-------- Given data

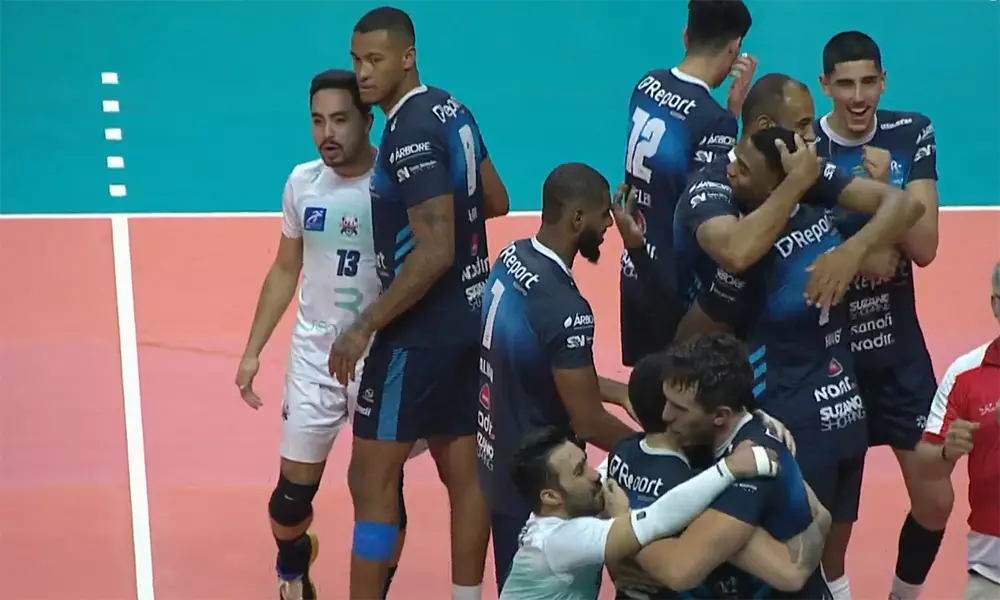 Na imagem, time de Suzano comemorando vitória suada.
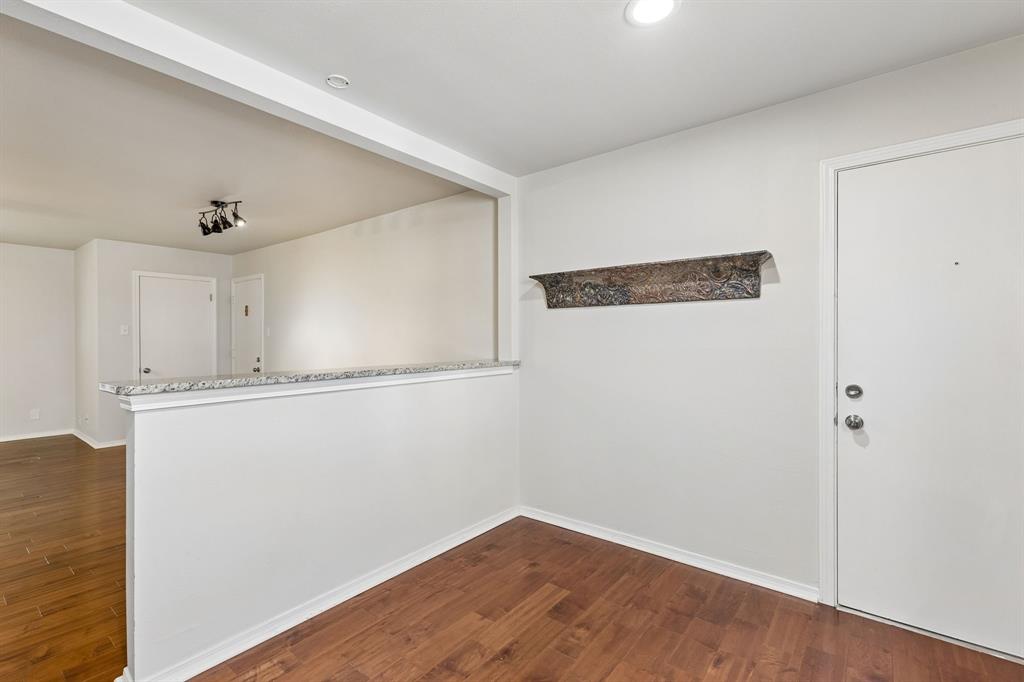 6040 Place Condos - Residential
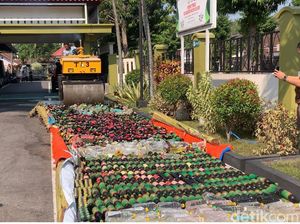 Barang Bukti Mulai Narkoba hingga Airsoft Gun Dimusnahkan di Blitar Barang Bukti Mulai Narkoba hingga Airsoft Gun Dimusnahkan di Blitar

----------------

What is being asked
Return the data exactly as it stands, minus the pictures.

Answer space
 Na imagem, time de Suzano comemorando vitória suada.
 6040 Place Condos - Residential
 Barang Bukti Mulai Narkoba hingga Airsoft Gun Dimusnahkan di Blitar Barang Bukti Mulai Narkoba hingga Airsoft Gun Dimusnahkan di Blitar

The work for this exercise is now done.